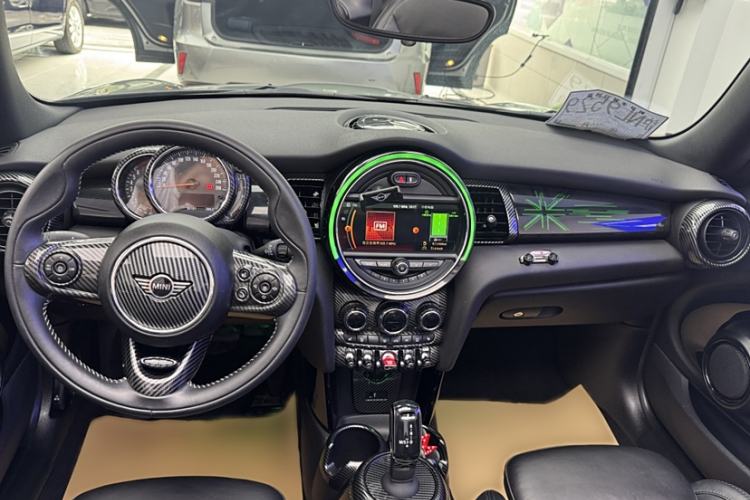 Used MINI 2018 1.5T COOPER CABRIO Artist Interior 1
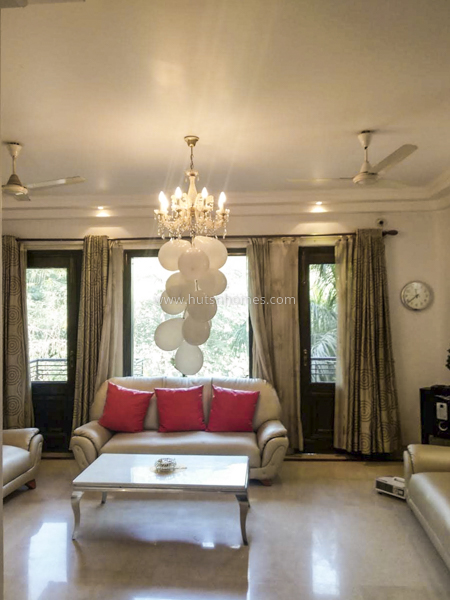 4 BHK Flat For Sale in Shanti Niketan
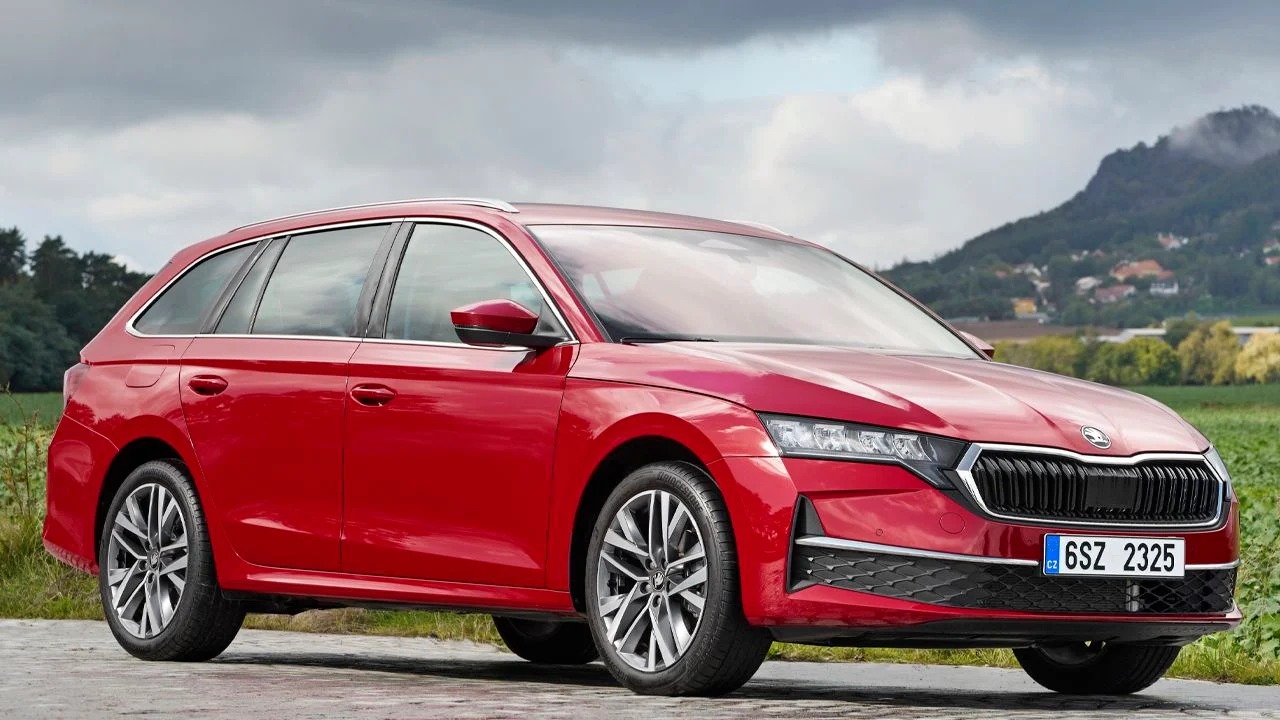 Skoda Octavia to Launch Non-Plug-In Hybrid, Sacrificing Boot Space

-*-*-

WORK REQUIRED.
Please give the material above again in full, with no pictures in your version.

PROBLEM SOLUTION.
 Used MINI 2018 1.5T COOPER CABRIO Artist Interior 1
 4 BHK Flat For Sale in Shanti Niketan
 Skoda Octavia to Launch Non-Plug-In Hybrid, Sacrificing Boot Space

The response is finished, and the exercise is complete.